• _What to produce_
The answer should be every line below, repeated exactly, with the images left out.

• _Records shown_
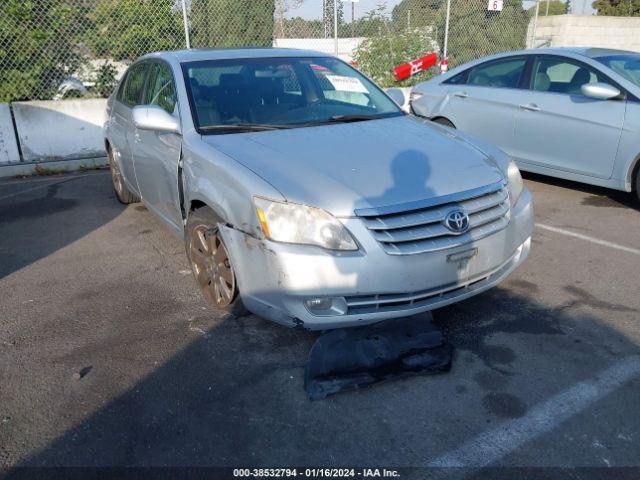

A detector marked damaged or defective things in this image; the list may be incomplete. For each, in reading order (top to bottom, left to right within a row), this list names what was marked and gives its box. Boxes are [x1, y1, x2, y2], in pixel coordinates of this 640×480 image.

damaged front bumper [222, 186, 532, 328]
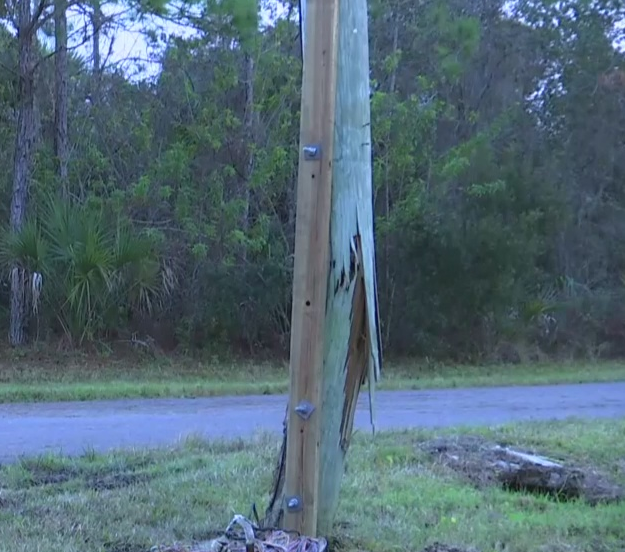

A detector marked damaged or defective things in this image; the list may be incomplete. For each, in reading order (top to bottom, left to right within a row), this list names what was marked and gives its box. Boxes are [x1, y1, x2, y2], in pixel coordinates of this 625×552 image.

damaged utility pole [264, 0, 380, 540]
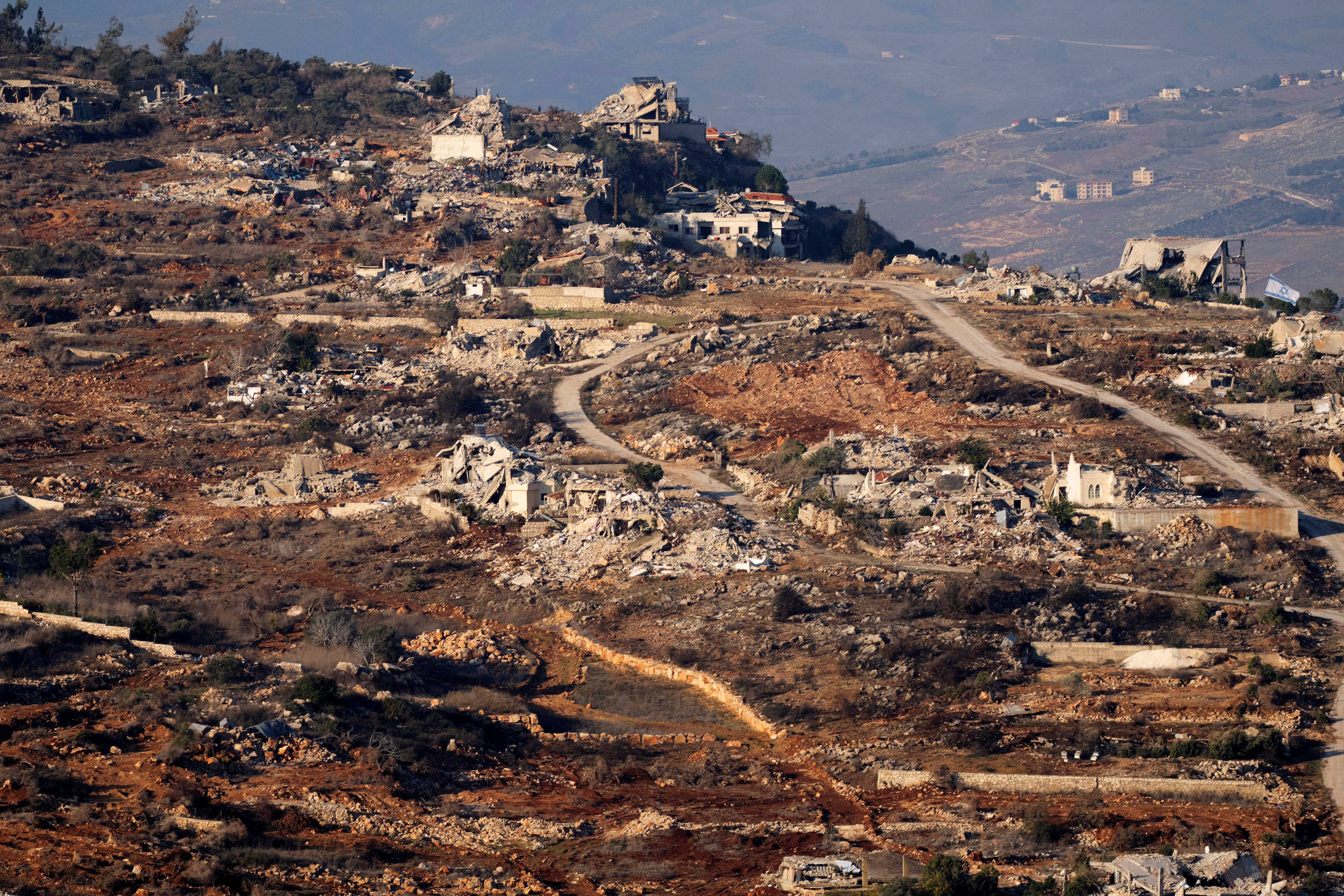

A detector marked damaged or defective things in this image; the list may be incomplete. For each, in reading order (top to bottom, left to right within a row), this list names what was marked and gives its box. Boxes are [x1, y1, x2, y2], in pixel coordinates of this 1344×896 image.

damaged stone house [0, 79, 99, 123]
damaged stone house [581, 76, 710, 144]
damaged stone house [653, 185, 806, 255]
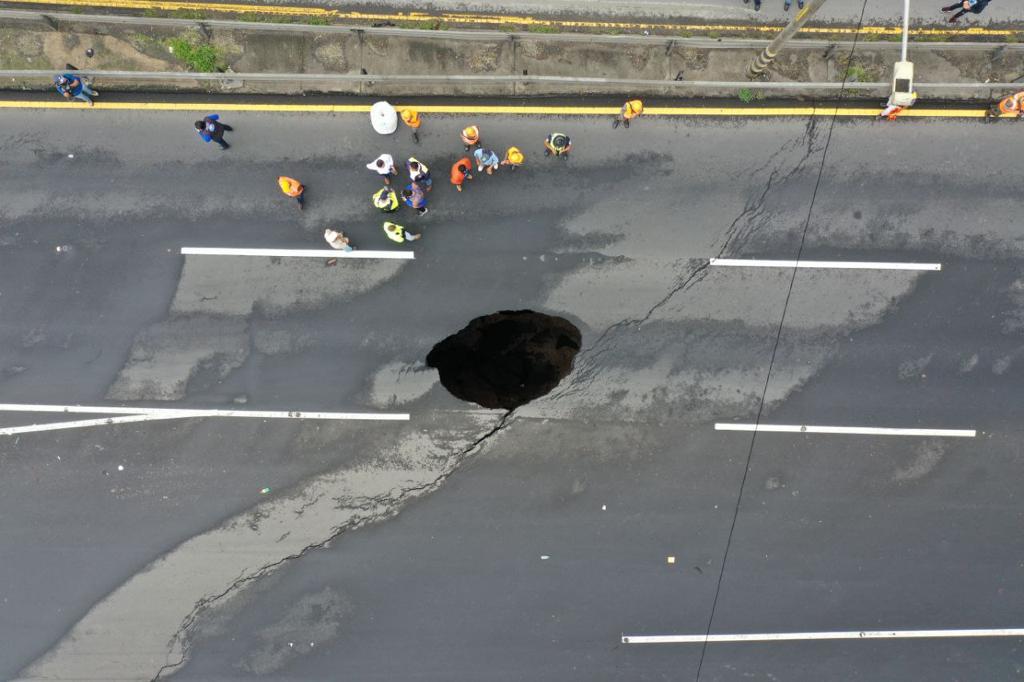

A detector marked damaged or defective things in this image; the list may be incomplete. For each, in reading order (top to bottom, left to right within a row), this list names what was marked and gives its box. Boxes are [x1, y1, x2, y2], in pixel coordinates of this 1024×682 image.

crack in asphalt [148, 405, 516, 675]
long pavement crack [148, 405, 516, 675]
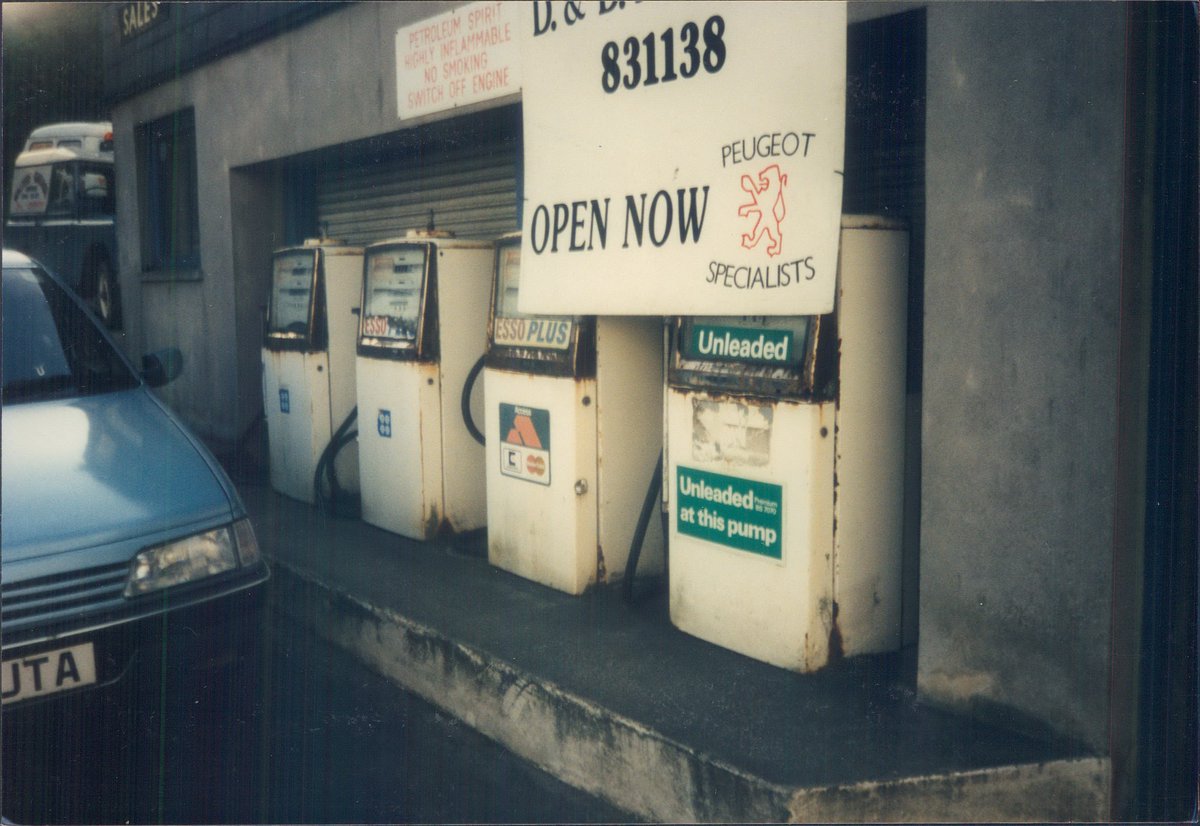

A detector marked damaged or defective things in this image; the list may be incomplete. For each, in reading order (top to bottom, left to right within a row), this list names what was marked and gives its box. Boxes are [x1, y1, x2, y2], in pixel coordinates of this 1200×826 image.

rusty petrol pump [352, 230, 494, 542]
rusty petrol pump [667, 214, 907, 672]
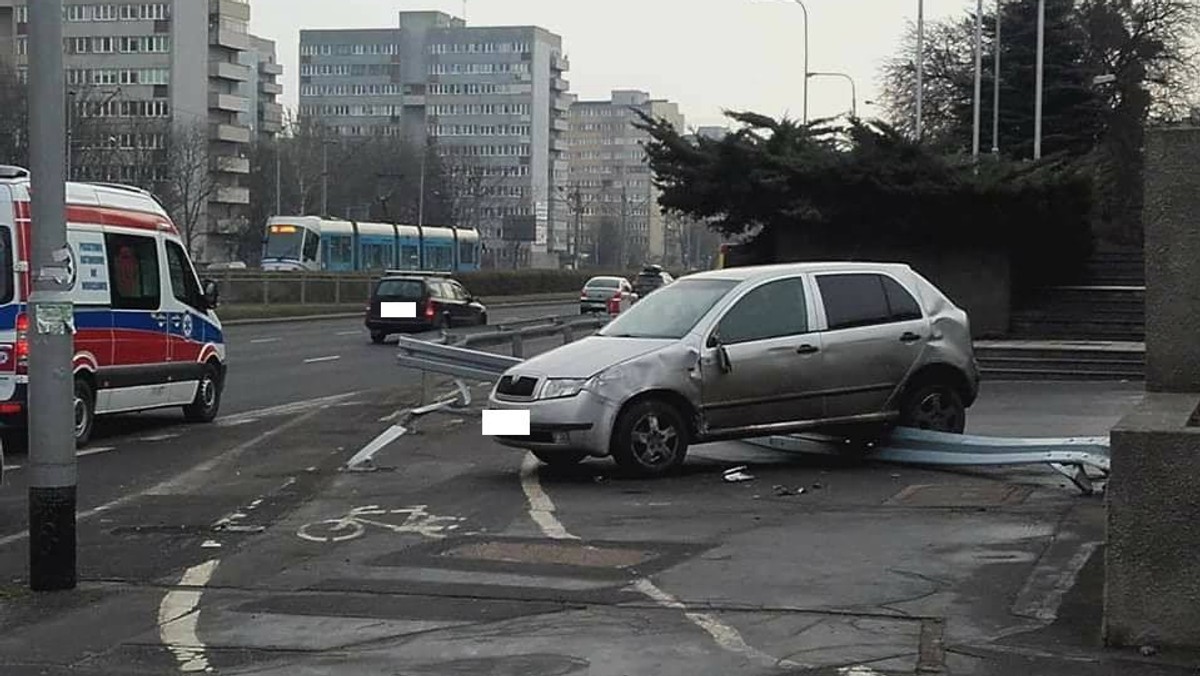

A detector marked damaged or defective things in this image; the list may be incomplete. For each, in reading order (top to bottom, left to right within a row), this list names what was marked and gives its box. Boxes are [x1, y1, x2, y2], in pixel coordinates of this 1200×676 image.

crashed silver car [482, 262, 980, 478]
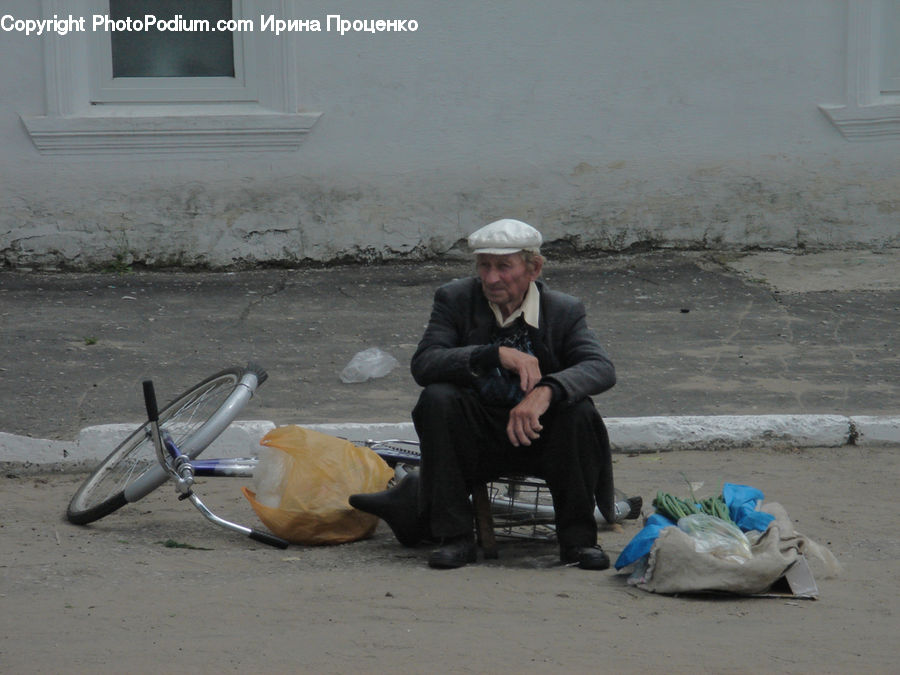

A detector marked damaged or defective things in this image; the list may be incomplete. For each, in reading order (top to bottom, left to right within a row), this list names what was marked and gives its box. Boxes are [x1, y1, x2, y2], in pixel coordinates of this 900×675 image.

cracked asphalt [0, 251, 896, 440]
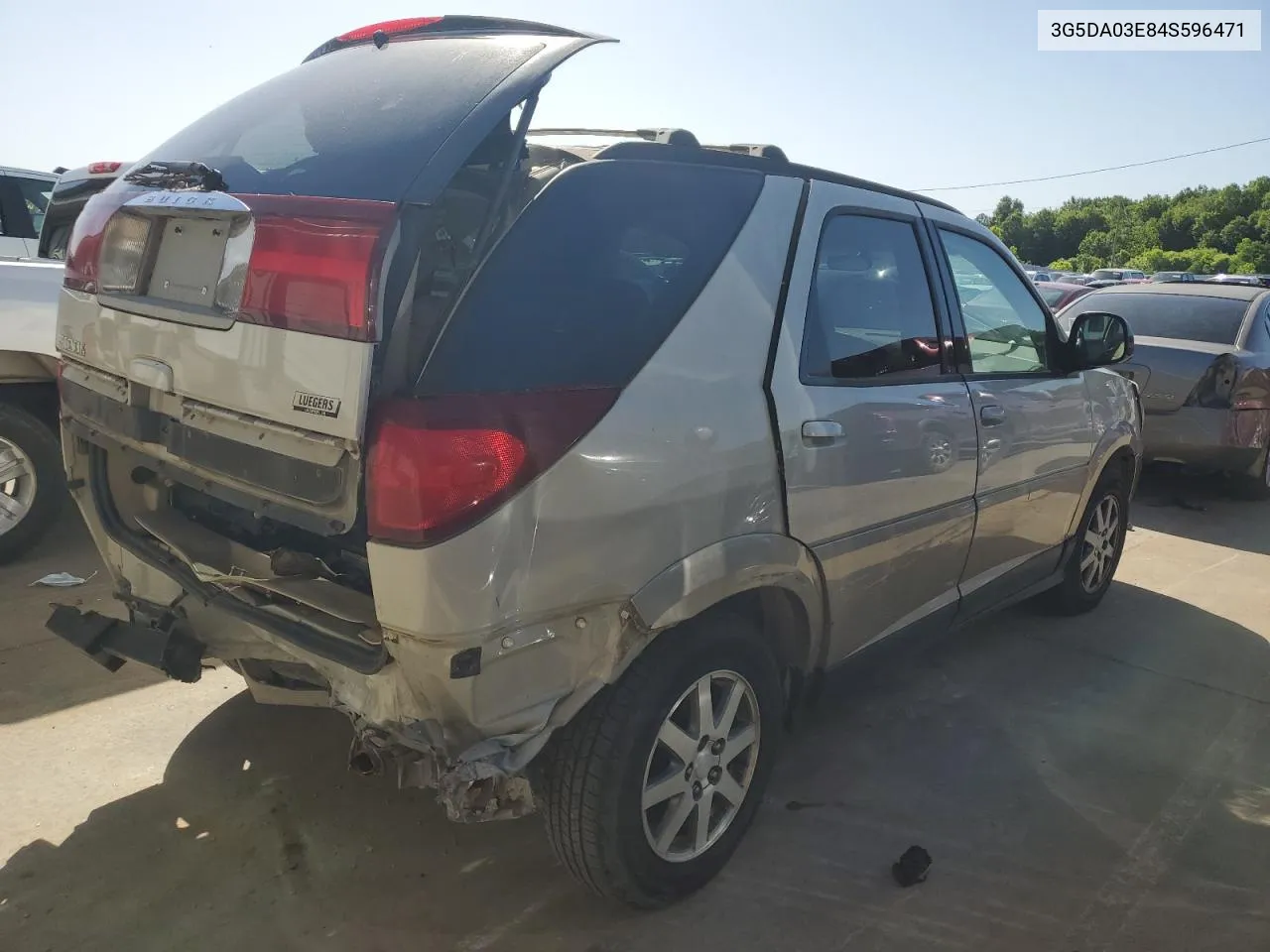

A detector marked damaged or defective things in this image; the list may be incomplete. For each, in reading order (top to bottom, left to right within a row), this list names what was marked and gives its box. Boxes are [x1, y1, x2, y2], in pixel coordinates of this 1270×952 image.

• _Solved exercise_
A detector marked damaged or defective things in this image; the list may be incomplete. For each, in reading order (top to bottom, left to right within a row), this list names what was marked and gives its box. Boxes are [x1, y1, x2, y2], in pixel coordinates of this 640×480 image.

damaged front bumper [222, 186, 532, 328]

A detector marked damaged or defective things in this image; the list may be incomplete. For each, in reading order (top to bottom, left to right within a row), this list names what was marked and gives its box. Boxes are [x1, y1, x2, y2], in pixel coordinates of this 625×552 image.

damaged utility pole [264, 0, 380, 540]

A detector marked damaged or defective things in this image; the list may be incomplete. For each, in reading order (top to bottom, left to right within a row), this list names what was marked and gives its box. Boxes are [x1, y1, x2, y2], in pixel coordinates of this 1344×896 image.

damaged stone house [0, 79, 99, 123]
damaged stone house [581, 76, 710, 144]
damaged stone house [653, 185, 806, 255]

A detector marked damaged or defective things in this image; the list may be incomplete. For each, in reading order (top to bottom, left to right within a row), this list names what was marked and gives its box. Boxes are [x1, y1, x2, y2], in pixel coordinates of this 1024×682 image.

crack in asphalt [148, 405, 516, 675]
long pavement crack [148, 405, 516, 675]

A detector marked damaged or defective things in this image; the list may be incomplete. For each, in reading order (top to bottom, left to right within a row), this list names what was marked and gives its box. Boxes are [x1, y1, x2, y2], in pixel coordinates of this 1200×826 image.

rusty petrol pump [352, 230, 494, 542]
rusty petrol pump [667, 214, 907, 672]

A detector marked damaged or defective things in this image; the list may be incomplete. For each, in reading order (top to bottom, left to right within a row), this list names what was marked and gives its box. Boxes are [x1, y1, x2, y2], in pixel coordinates of this 1200×676 image.

crashed silver car [482, 262, 980, 478]

A detector marked damaged or defective things in this image; the list may be incomplete. For each, in reading order (top to bottom, left to right within a row), this list names what was marked and gives its box. Boxes are [x1, y1, x2, y2], in pixel coordinates of this 900×675 image.

cracked asphalt [0, 251, 896, 440]

A detector marked damaged or defective things in this image; the list may be incomplete. For each, in reading order (top to bottom, left to right within a row), this list names what was marked and gives its box. Boxes are [x1, y1, x2, y2], in pixel coordinates of this 1270×952 image.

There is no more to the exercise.